A clean original is hard to find. If for some reason you ever had to sell it, the first question most people would ask is "what did you try to hide with the paint?" Obviously, it's yours to paint, but paint doesn't bale hay. Just a different opinion.


----------



## Ranger518 (Aug 6, 2016)

8350HiTech said:


> A clean original is hard to find. If for some reason you ever had to sell it, the first question most people would ask is "what did you try to hide with the paint?" Obviously, it's yours to paint, but paint doesn't bale hay. Just a different opinion.

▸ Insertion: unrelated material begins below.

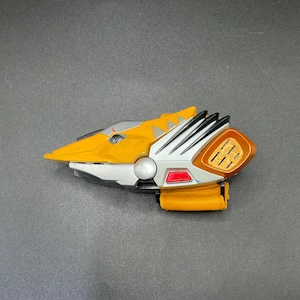 SKU | Power Rangers Dino Thunder Abaranger Yellow Drago Morpher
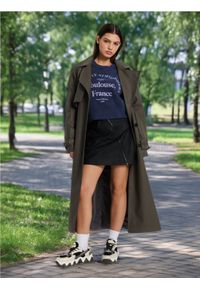 Sinsay - Spódnica mini z imitacji skóry - czarny. Kolor: czarny. Materiał: skóra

Yea that is probley true I am just so dang O.C.D about how my stuff looks and performs my wife thinks I am crazy also.


----------



## Vol (Jul 5, 2009)

Coondle said:


> You mentioned you would replace the springs, but most important spring is the plunger stop spring.
> 
> Regular mild steel bolts are unsuitable for shear bolts, the material tends to rear and smear itself between the shaft and the flywheel and on an older worn baler that can give some grief in getting the broken bolt out. Shear bolts are high tensile and when they fail the failure is sudden and the shear surfaces clean. That said if using a high tensile bolt then the correct grade is required (if known) a grade 8 bolt has a greater shear resistance than say a grade 5. A grade 12 metric bolt even higher, further the shear bolts designed for that job often have a reduced thread diameter to the rest of the bolt and a self locking nut.
> 
> ...


Kevin(Coondle) sent me another link for his manual connection....and I took the liberty to post it for him. Great to have good sound information from all of our members. Courtesy of Coondle;

Regards, Mike

http://fermer.ru/files/v2/forum/134113/pres327328336337338tm1243.pdf


----------



## slowzuki (Mar 8, 2011)

In case folks don't realize, JD's use a special necked down shear bolt on their balers. It appears to be grade 8.


----------



## Wethay (Jul 17, 2015)

Looking at the picture I would guess that there won't be any wear but a place to check on a high hour machine would be the flywheel bushing and the shear bolt bushing.


----------



## slowzuki (Mar 8, 2011)

Often if the shear bushing is worn the flywheel bush is damaged too.

I would be shocked if this one shows any wear.


----------



## Ranger518 (Aug 6, 2016)

Wethay said:


> Looking at the picture I would guess that there won't be any wear but a place to check on a high hour machine would be the flywheel bushing and the shear bolt bushing.


Checked the flywheel and it is good and tight with very little play.


----------